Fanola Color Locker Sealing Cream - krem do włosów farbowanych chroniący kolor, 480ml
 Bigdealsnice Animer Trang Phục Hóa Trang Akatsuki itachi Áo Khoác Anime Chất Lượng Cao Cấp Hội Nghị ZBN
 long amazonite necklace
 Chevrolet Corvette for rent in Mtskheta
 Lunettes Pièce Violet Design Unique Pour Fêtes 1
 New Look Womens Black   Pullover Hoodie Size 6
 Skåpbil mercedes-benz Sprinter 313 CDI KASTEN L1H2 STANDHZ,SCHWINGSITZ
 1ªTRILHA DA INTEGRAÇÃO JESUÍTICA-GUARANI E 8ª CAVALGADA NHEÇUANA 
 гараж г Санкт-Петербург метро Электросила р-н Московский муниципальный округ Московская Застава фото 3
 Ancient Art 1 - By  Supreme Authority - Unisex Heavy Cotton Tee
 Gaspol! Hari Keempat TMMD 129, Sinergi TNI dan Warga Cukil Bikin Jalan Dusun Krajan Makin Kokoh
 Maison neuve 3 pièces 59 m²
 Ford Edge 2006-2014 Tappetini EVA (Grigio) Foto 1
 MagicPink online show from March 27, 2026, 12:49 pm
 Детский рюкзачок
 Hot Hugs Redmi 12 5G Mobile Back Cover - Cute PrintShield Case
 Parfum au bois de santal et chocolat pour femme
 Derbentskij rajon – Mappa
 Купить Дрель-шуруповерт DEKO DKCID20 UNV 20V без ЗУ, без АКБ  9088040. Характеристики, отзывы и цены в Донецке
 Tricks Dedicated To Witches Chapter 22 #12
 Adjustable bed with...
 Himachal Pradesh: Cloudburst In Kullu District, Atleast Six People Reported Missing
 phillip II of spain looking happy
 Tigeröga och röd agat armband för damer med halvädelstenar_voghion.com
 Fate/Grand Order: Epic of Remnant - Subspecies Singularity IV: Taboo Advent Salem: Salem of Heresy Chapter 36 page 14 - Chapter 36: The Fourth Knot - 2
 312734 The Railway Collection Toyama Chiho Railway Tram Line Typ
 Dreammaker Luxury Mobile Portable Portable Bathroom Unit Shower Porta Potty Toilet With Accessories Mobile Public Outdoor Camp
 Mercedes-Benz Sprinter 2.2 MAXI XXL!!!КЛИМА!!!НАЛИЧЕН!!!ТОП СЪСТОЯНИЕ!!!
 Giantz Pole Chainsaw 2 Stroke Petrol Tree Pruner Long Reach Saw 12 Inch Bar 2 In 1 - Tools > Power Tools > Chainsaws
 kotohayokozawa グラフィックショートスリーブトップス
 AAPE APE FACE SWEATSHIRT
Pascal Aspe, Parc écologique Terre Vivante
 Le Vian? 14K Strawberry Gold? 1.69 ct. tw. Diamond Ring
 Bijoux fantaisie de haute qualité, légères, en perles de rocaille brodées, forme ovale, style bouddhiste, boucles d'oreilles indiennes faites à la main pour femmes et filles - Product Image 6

------

Your task is to reproduce the records in full, without any alteration.

__EXERCISE RESULT__
Fanola Color Locker Sealing Cream - krem do włosów farbowanych chroniący kolor, 480ml
 Bigdealsnice Animer Trang Phục Hóa Trang Akatsuki itachi Áo Khoác Anime Chất Lượng Cao Cấp Hội Nghị ZBN
 long amazonite necklace
 Chevrolet Corvette for rent in Mtskheta
 Lunettes Pièce Violet Design Unique Pour Fêtes 1
 New Look Womens Black   Pullover Hoodie Size 6
 Skåpbil mercedes-benz Sprinter 313 CDI KASTEN L1H2 STANDHZ,SCHWINGSITZ
 1ªTRILHA DA INTEGRAÇÃO JESUÍTICA-GUARANI E 8ª CAVALGADA NHEÇUANA 
 гараж г Санкт-Петербург метро Электросила р-н Московский муниципальный округ Московская Застава фото 3
 Ancient Art 1 - By  Supreme Authority - Unisex Heavy Cotton Tee
 Gaspol! Hari Keempat TMMD 129, Sinergi TNI dan Warga Cukil Bikin Jalan Dusun Krajan Makin Kokoh
 Maison neuve 3 pièces 59 m²
 Ford Edge 2006-2014 Tappetini EVA (Grigio) Foto 1
 MagicPink online show from March 27, 2026, 12:49 pm
 Детский рюкзачок
 Hot Hugs Redmi 12 5G Mobile Back Cover - Cute PrintShield Case
 Parfum au bois de santal et chocolat pour femme
 Derbentskij rajon – Mappa
 Купить Дрель-шуруповерт DEKO DKCID20 UNV 20V без ЗУ, без АКБ  9088040. Характеристики, отзывы и цены в Донецке
 Tricks Dedicated To Witches Chapter 22 #12
 Adjustable bed with...
 Himachal Pradesh: Cloudburst In Kullu District, Atleast Six People Reported Missing
 phillip II of spain looking happy
 Tigeröga och röd agat armband för damer med halvädelstenar_voghion.com
 Fate/Grand Order: Epic of Remnant - Subspecies Singularity IV: Taboo Advent Salem: Salem of Heresy Chapter 36 page 14 - Chapter 36: The Fourth Knot - 2
 312734 The Railway Collection Toyama Chiho Railway Tram Line Typ
 Dreammaker Luxury Mobile Portable Portable Bathroom Unit Shower Porta Potty Toilet With Accessories Mobile Public Outdoor Camp
 Mercedes-Benz Sprinter 2.2 MAXI XXL!!!КЛИМА!!!НАЛИЧЕН!!!ТОП СЪСТОЯНИЕ!!!
 Giantz Pole Chainsaw 2 Stroke Petrol Tree Pruner Long Reach Saw 12 Inch Bar 2 In 1 - Tools > Power Tools > Chainsaws
 kotohayokozawa グラフィックショートスリーブトップス
 AAPE APE FACE SWEATSHIRT
Pascal Aspe, Parc écologique Terre Vivante
 Le Vian? 14K Strawberry Gold? 1.69 ct. tw. Diamond Ring
 Bijoux fantaisie de haute qualité, légères, en perles de rocaille brodées, forme ovale, style bouddhiste, boucles d'oreilles indiennes faites à la main pour femmes et filles - Product Image 6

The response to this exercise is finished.